2 de agosto de 2012
OTROS RECUERDOS
TOMADO DEL LIBRO “MIS RECUERDOS” ESCRITO POR EL PROFR. RAFAEL MARTÍNEZ MORALES DE IXHUACÁN DE LOS REYES. SE REPRODUCEN A CONTINUACIÓN LAS PÁG. 80 Y 81.
Cuando acompañaba yo a mi padre o a mi abuelo al monte a cortar leña, buscaba unas frutillas rojinegras, a las que llamábamos “biscolines”. Nos atraían por su sabor agridulce.
En los solares o en los patios de las casas, existía una planta semejante a la yerbamora, cuyas frutas pequeñas ya maduras, eran de color negro intenso; les llamábamos “chaltotongos”. De chiquillos nos alegrábamos al encontrar chaltotongos maduros.
Nos divertíamos buscando bellotas entre la hojarasca debajo de las encinas.

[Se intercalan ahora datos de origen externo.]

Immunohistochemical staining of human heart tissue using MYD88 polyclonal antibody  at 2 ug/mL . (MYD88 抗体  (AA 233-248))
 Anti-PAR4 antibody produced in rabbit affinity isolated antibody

Las encinas producen además de las bellotas, una que otra fruta ácida a la que damos el nombre de “guapapa”. Su interior es semejante a esponja de color verde limón.
En lugares húmedos del monte, principalmente en las cañadas, había una planta de tallo jugoso y quebradizo, el “chocoyul”, que puede comerse crudo acompañando la comida, o hervido en la misma olla o cazuela en que se cuecen los frijoles.
Los chiquillos solíamos ir a las rastrojeras en busca de pequeñas y abultadas, dulces y jugosas raicillas blancas, a las que llamábamos “cochinitas”, nos las comíamos a veces hasta con tierra.
Trepábamos a los árboles de capulín cuyos frutos además de su agradable sabor, eran dulces como la miel.
Muchas veces nuestra voracidad de niños, no respetó los capulines, o los duraznos aunque estuvieran a medio madurar.
Si las frutas se encontraban en la parte más alta de los árboles donde no nos era posible subir, las bajábamos a pedradas; raras veces podría aplicársenos lo dicho por la zorra refiriéndose a las uvas: “No las quiero comer, no están maduras”; porque ella no sabía tirar piedras como lo hacíamos nosotros.
En el rancho de mis abuelos maternos abundaban las chirimoyas.
En ese rancho participaba yo con mis parientes, en una forma diferente y natural de madurarlas no como lo hacen actualmente poniendo carburo a las frutas para que maduren rápidamente. Cavábamos un hoyo de 50 centímetros de diámetro, por 75 de profundidad aproximadamente, encendíamos fuego dentro de él con ramas y hojas secas para que el hoyo se calentara; al extinguirse el fuego formábamos un colchón con hojas secas de maíz en el fondo del hoyo, y sobre ese colchón poníamos las chirimoyas, las cubríamos con otras hojas, y echábamos tierra suficiente hasta que el hoyo quedara bien cubierto.
A los cuatro días, las frutas estaban maduras. Puedo presumir de que cuando fui niño comí chirimoyas al horno.
Nuestra satisfacción y gusto como niños, no se limitaba únicamente al hecho de encontrar las frutas y comérnoslas; también gozábamos removiendo la hojarasca para encontrar las bellotas, trepando a los árboles, removiendo la tierra para encontrar las cochinitas, cavando el hoyo para meter en él las chirimoyas, buscando las hojas secas de la milpa, etc.
Los montoncitos de recuerdos como estos, tan simples, mientras funcione mi memoria, permanecerán guardados en ella como tesoros valiosos.